In den letzten Jahren war auf der Marke Oreo jedoch ein Trend zu erkennen, den man gut oder schlecht bewerten kann, ein krampfhaftes Verlangen nach Diversität - Sie kennen es wahrscheinlich alle, Oreo gibt es mittlerweile in gefühlten siebenundsvierzig Varianten, die alle verschiedene Elemente des Oreo-kekses in den Fokus stellen, diesem neue hinzufügen oder gar wieder welche wegnehmen. Dabei sind gewiss nicht alle davon schlecht, das empfindliche Gefüge des Originals hat für mich aber noch keine davon erreicht, und diese Vielfalt drückt für mich Unsicherheit aus. Mondelez International, der vertreibende Konzern, scheint sich mir nicht sicher zu sein, wo die großen Stärken seines Kekses liegen, scheint noch immer zu experimentieren. Sehen wir uns einige der Produkte genauer an. 


Da haben wir eine von vielen bevorzugten Varianten, den Oreo Double, der mit der doppelten Menge an Vanillecreme zu gleichbleibendem Keks aufwartet. Für mich zu süß. Dann gibt es den Gegenentwurf, Crispy&Thin, was einfach nur sehr dünne Oreo-kekse sind, und das funktioniert für mich alleine schon deswegen nicht, weil sich das Verspeisen anfühlt, als hätte man eine Packung Pringles in der Hand, abgesehen davon, dass man hier einfach nur Geld für weniger vom gleichen Produkt zahlt. Obskur. Interessanter sind da die Oreo White, welche mit weißer Schokolade ummantelte Oreo-kekse darstellen. Mir läuft schon das Wasser im Mund zusammen, wenn ich nur darüber schreibe, und so ging es mir auch, als ich zum ersten Mal davon gehört habe. Und ja, diese Kekse sind unglaublich köstlich, aber auch unfassbar süß. Während der klassische Oreo-keks seine Stärke daraus zieht, nicht so erschöpfend süß zu sein wie andere Kekse, schafft man von den Weißen in der Regel nicht mehr als 2-3 am Stück. Also nett für besondere Anlässe, mehr aber nicht. Oreo Golden hat es auf die Spitze getrieben, und dem schwarzen Produkt schlichtweg seinen ikonischen Keks entzogen, um ihn gegen einen hellen auszutauschen. Wie auch ich sollten Sie jetzt meinen, heller Keks mit Vanillecream schmeckt wie jeder zweite Gebäckbatzen aus Bettinas Bäckerei, aber nein, der Zauber von Oreo liegt auch hier noch im Rezept, und so bietet diese helle Variante die für mich bisher einzige, annehmbare Alternative zum Klassiker an. Geschmacksrichtungen wie Strawbeery, Brownie oder Peanutbutter sind kurzweilige Spielereien, aber nichts, das dauerhaft bestand hätte.

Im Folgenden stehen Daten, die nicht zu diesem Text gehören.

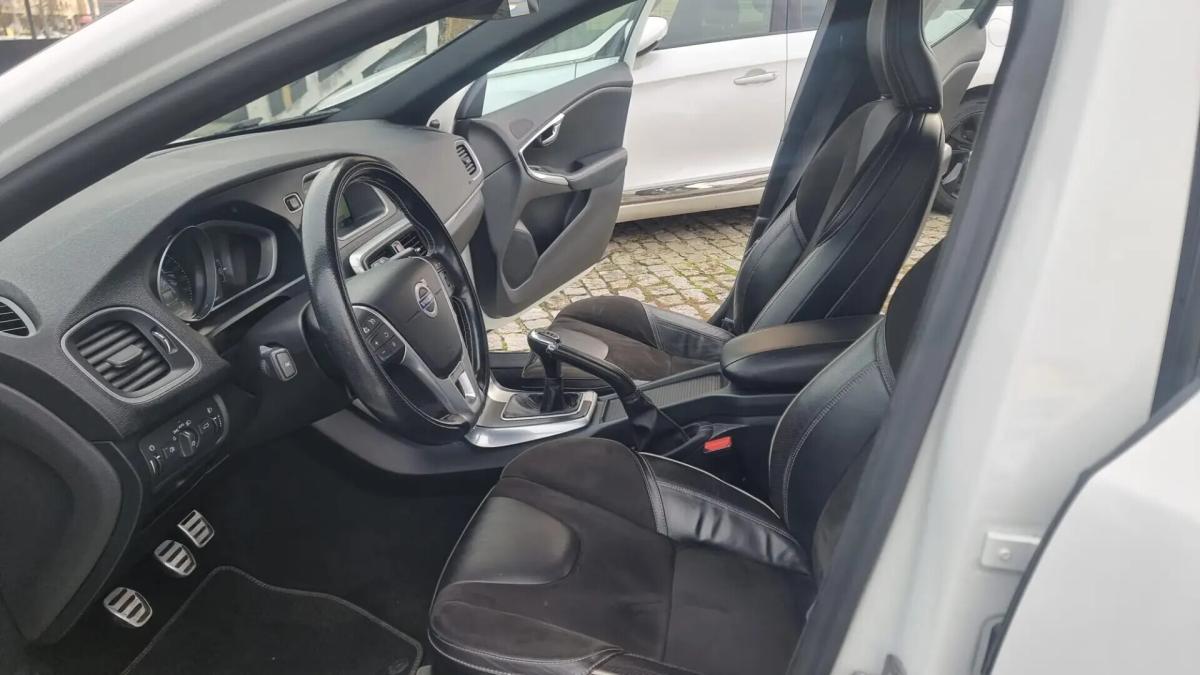 volvo-v40-2016-diesel-1969cc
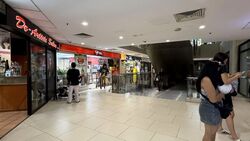 Lucky Plaza (D9), Shop House #628804051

Und wenn wir von den Keksen weggehen - Dann erblicken wir Erfolgsgeschichten. Denn auf diesen Märkten hat man nicht mehr versucht, das eigene Spitzenprodukt zu übertrumpfen, sondern dieses sinnvoll umgewandelt. Oreo-Eis ist in jeder Form ein Hochgenuss, der sich vor allem dadurch auszeichnet, dass er auch frisch aus der Tiefkühltruhe zartweich auf der Zunge zergeht. Der Oreo-Pudding schmeckt besser als vergleichbare Lizenzprodukte, und die Oreo-Torte, nun, die ist der aufsteigende Held, der die Benjamin Blümchen-Torte als langjähriges, herrschendes Königsgeschlecht der Tiefkühltruhe abgelöst hat, und einen dazu bringt, sich in sie hineinschmeißen zu wollen. Würde ich morgen im Lotto gewinnen, würde ich armen, hungernden Menschen kein Brot spenden, sondern Oreo-Torten. Wenn sie endlich etwas zu essen bekommen, dann doch bitte gleich das Beste vom Besten… ehe sie zwei Wochen später an Herzversagen dahingerafft werden. Aber das ist dann ja nicht mehr mein Problem.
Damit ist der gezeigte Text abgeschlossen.